● Activity:
Reproduce exactly the lines below, from the first one through the line containing "90pcs 4mm Natural", and omit any pictures.

● Data extracts:
______

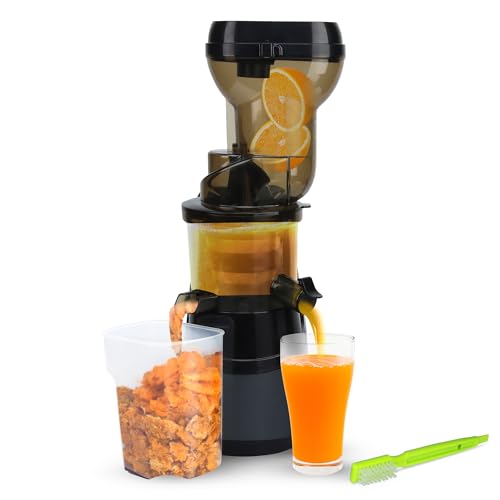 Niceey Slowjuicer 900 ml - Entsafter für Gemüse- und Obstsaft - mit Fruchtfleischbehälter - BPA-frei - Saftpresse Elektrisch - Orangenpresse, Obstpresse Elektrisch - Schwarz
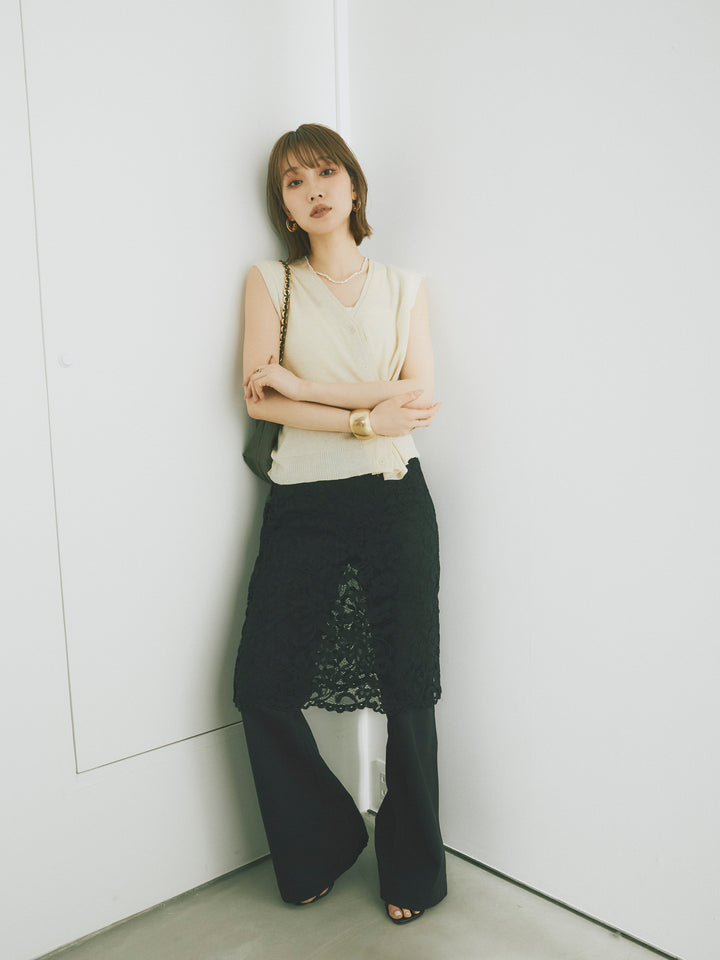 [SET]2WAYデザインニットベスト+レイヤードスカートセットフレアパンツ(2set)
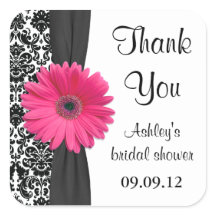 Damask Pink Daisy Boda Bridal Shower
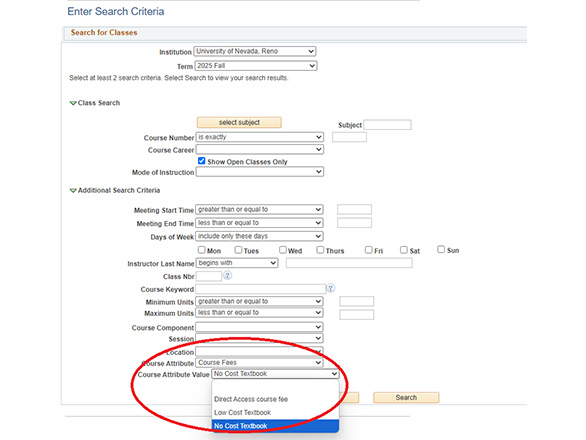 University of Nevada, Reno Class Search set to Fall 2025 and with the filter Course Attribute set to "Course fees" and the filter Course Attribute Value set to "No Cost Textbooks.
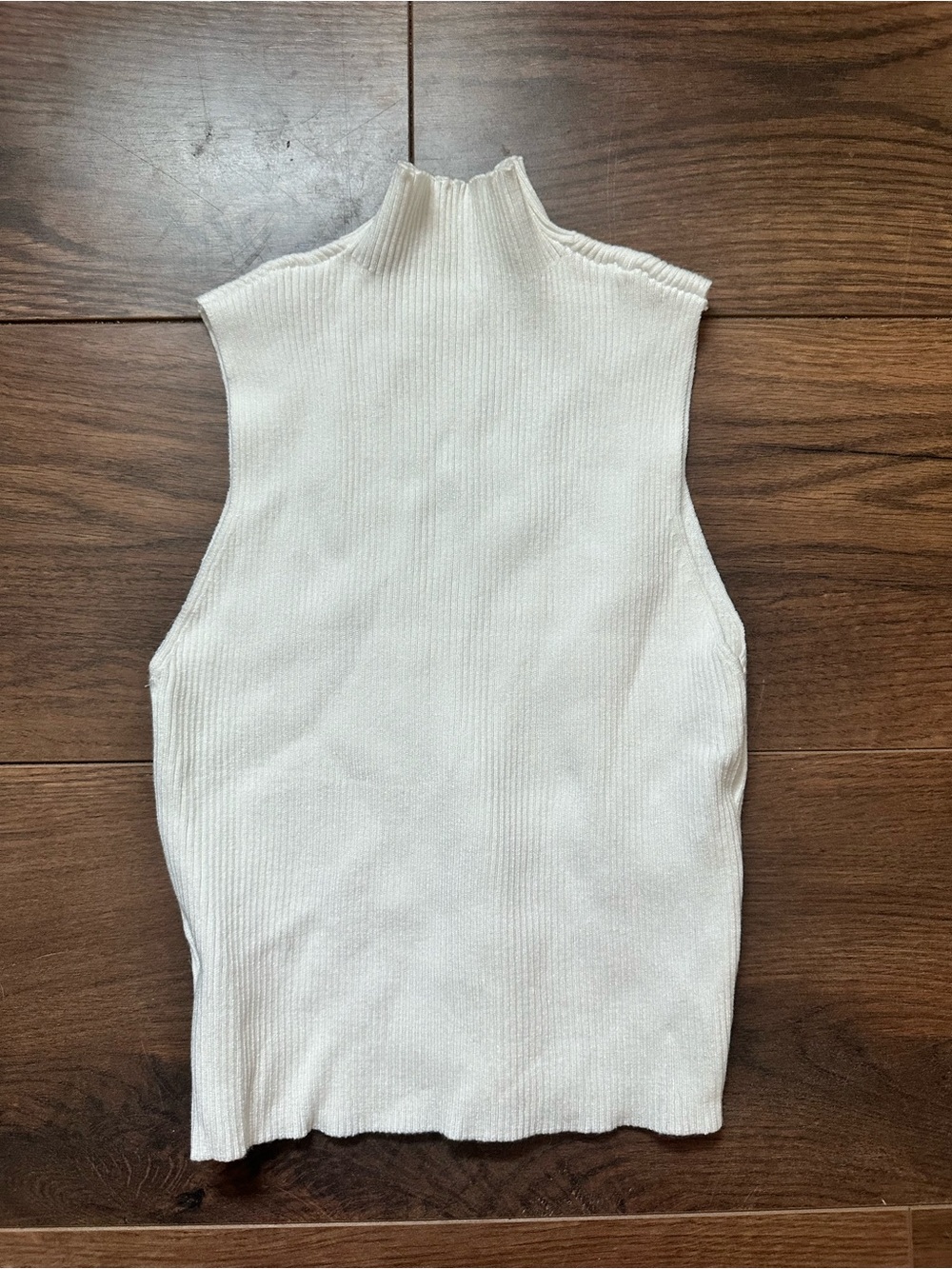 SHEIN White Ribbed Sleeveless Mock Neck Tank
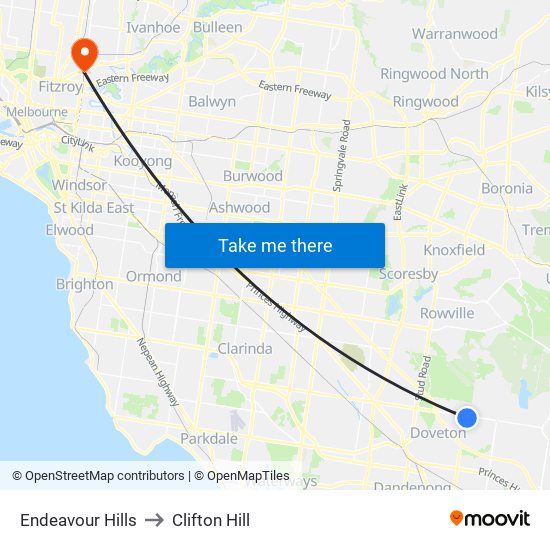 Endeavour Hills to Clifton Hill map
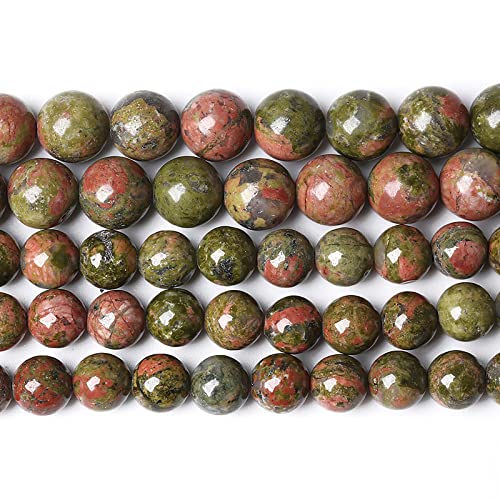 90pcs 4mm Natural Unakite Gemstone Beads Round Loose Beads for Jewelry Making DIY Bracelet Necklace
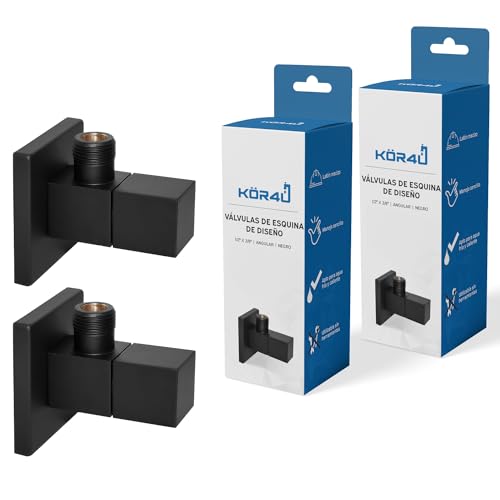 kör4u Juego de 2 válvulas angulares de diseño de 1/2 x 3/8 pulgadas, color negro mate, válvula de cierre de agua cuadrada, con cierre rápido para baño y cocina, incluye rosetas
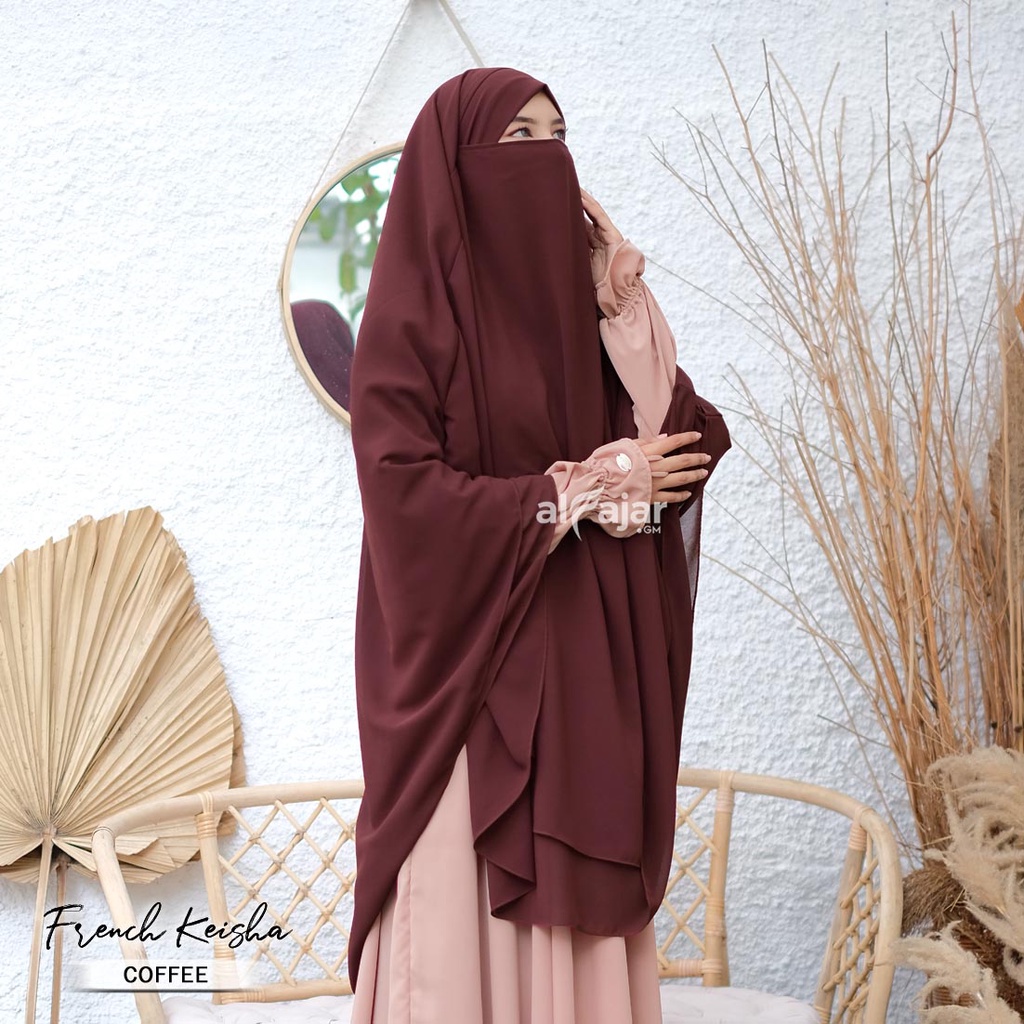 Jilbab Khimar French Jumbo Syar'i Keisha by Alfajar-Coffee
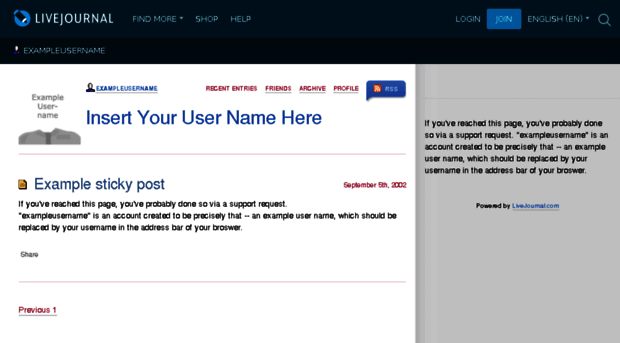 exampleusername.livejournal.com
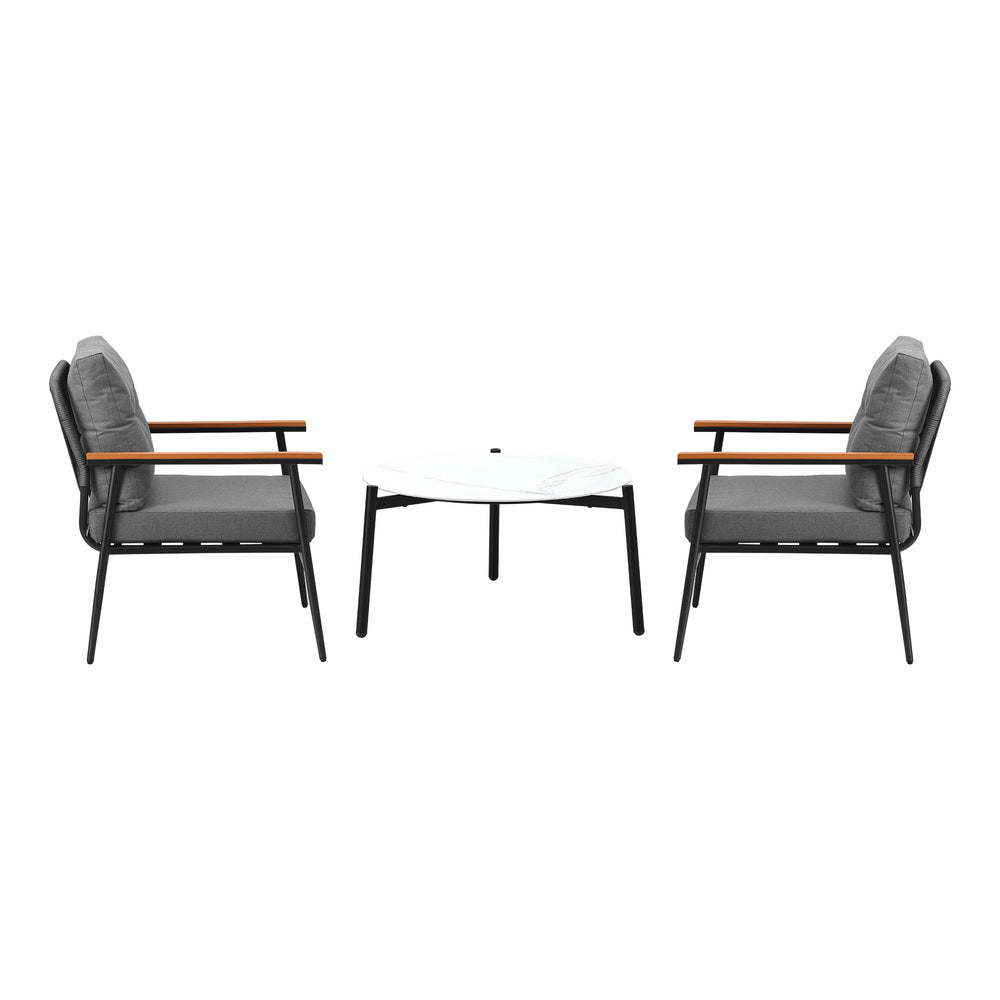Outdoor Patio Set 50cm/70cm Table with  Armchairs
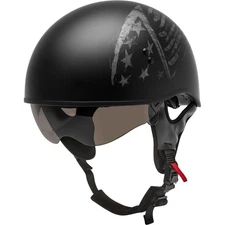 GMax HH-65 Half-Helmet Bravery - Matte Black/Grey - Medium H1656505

______

● Answer to this problem:
 Niceey Slowjuicer 900 ml - Entsafter für Gemüse- und Obstsaft - mit Fruchtfleischbehälter - BPA-frei - Saftpresse Elektrisch - Orangenpresse, Obstpresse Elektrisch - Schwarz
 [SET]2WAYデザインニットベスト+レイヤードスカートセットフレアパンツ(2set)
 Damask Pink Daisy Boda Bridal Shower
 University of Nevada, Reno Class Search set to Fall 2025 and with the filter Course Attribute set to "Course fees" and the filter Course Attribute Value set to "No Cost Textbooks.
 SHEIN White Ribbed Sleeveless Mock Neck Tank
 Endeavour Hills to Clifton Hill map
 90pcs 4mm Natural Unakite Gemstone Beads Round Loose Beads for Jewelry Making DIY Bracelet Necklace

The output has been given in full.